Jose Valverde: Prepare For a Return To Form

    No, Not the 49 of 49 pitcher that he was last year, but prepare for a 2.80 ERA, with 85 to 90% save opportunities converted. Valverde just isn’t as good as his stats last year. He won’t suddenly, after 9 years in the majors, have become some type of huge lock as a closer, he’ll have an above average save percentage, and a respectable ERA, but to think that after having seen 75 outings last year, ignoring the postseason, he’s just not likely to be the same guy he was last year.

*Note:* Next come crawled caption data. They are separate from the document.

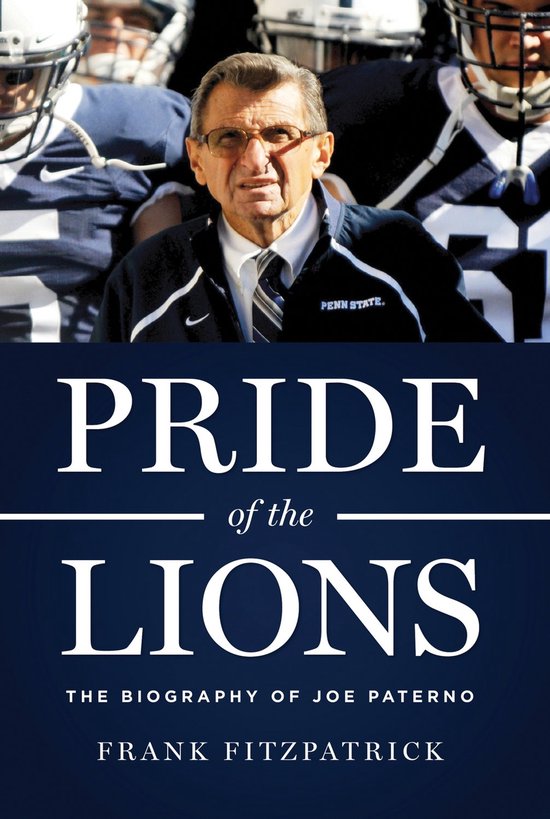 Pride of the Lions - cover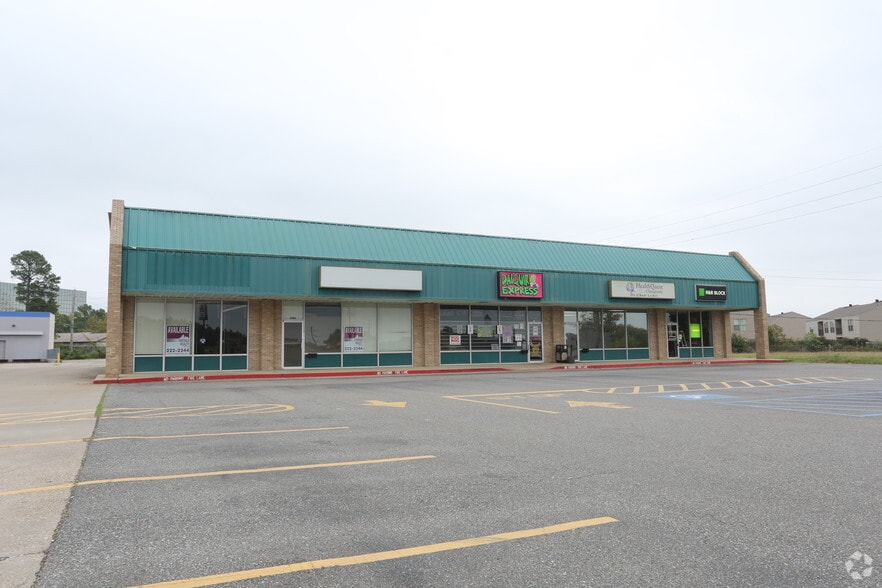 6723 Pines Rd, Shreveport, LA for sale - Primary Photo - Image 1 of 2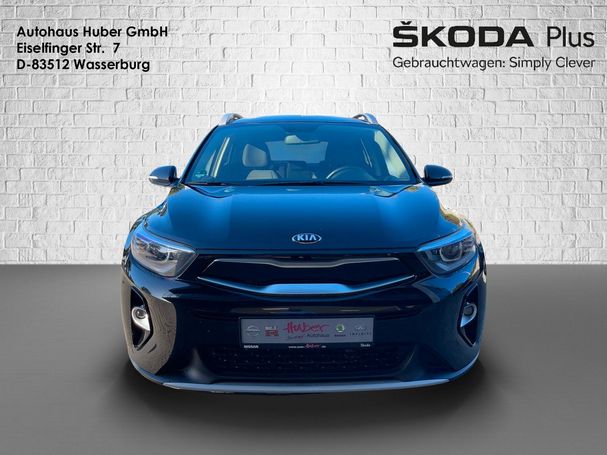 Kia Stonic 1.0 T-GDi Vision 74 kW image number 8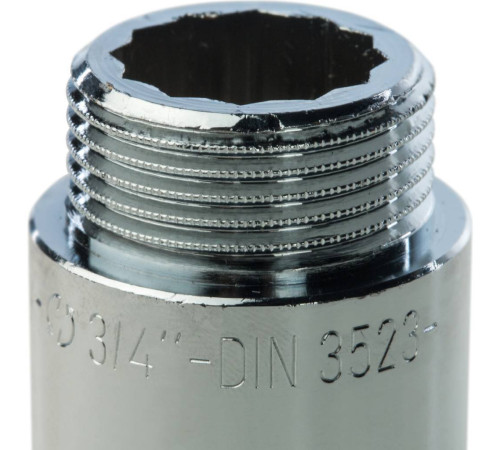 Удлинитель STOUT хромированный 3/4 x 40 мм SFT-0002-003440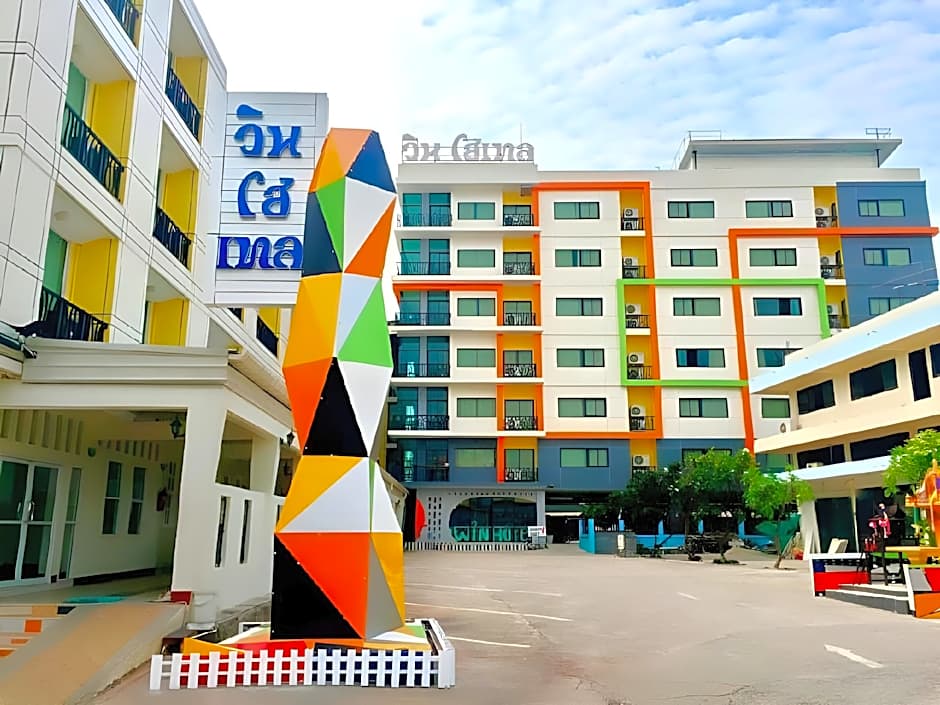 Win Hotel Phayao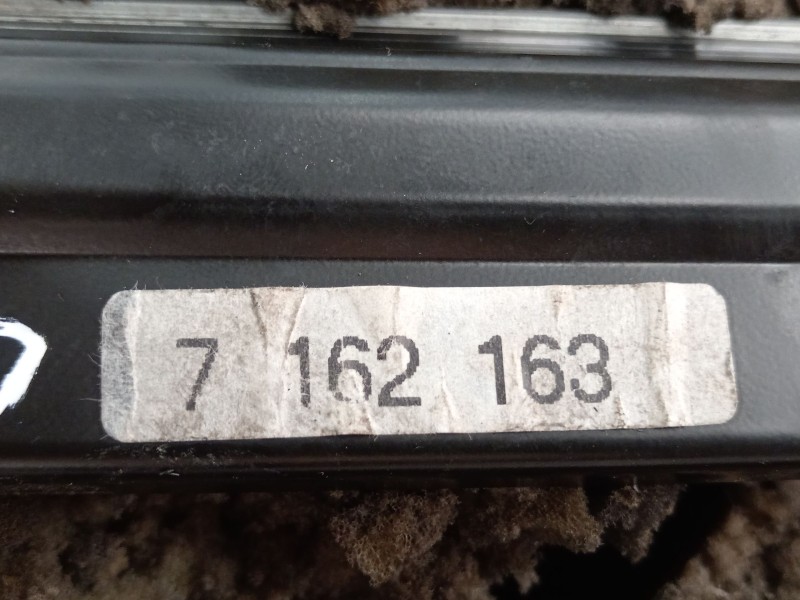Recambio de elevalunas delantero izquierdo para mini mini (r50, r53) cooper referencia OEM IAM 7162163 51337162163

There’s nothing about Valverde that suggests he’s going to be the class of the closers, and after having already blown a save (So has Mariano Rivera for what it’s worth) but he’s simply not any better now than he was 2-3 years ago, aside from having a notable streak of uninterrupted saves. Sure confidence and the ability to stay cool under pressure are what defines a closer (aside from you know, not blowing a 3 run lead in the 9th very often) but, he didn’t just come into that makeup, he wasn’t going out in Arizona or Huston praying he didn’t get shelled, he was going out there to close games, and with some pretty solid reliability he did that and he’s been doing so for the majority of his career.

If I were putting together an expansion team today, would I take Valverde? If he was available, sure! That doesn’t mean he’s the greatest closer in the league, definitely very good, but he’s much more Isringhausen than Hoffman, and at age 34, isn’t likely to start really refining himself and getting better, he had his peak year last year, and to expect anything like a repeat would be foolish. He may not fade much over the next year or two, but Valverde isn’t going to be sniffing the all times save record by his 18th season unless he starts getting a good handful of 50+ save seasons under his belt in a hurry. He started closing games at the same age as Trevor Hoffman (25), but he has not amassed near the same number of closes over the first 9 seasons that Hoffman had 314 vs 242 (Mariano Rivera has 336 between ‘96 and ‘04). It should be noted that over the first 9 year as closers both Hoffman and Rivera threw over 100 more innings than Valverde, but that only serves to drive the difference in reliability and trust that the teams controlling each pitcher had in them throughout their first 9 seasons in the ‘pen.

Again, it’s not to say that Valverde isn’t a very good closer, he is, but it is to say that he’s currently overrated, and expectations should start coming down to earth in a hurry.

1 comment:

  1. To help your argument, Valverde's FIP (or DERA) last year, according to Fangraphs was 3.55, which isn't bad but not as good as his real ERA so his defense saved him some runs. His K/9 has gone down every year since 2006 (12.59-8.59) and his BB/9 has stayed fairly constant the last couple of years (was 4.23). For all those saves last year, FG had him at 1.0 WAR. He was more replaceable than you'd think.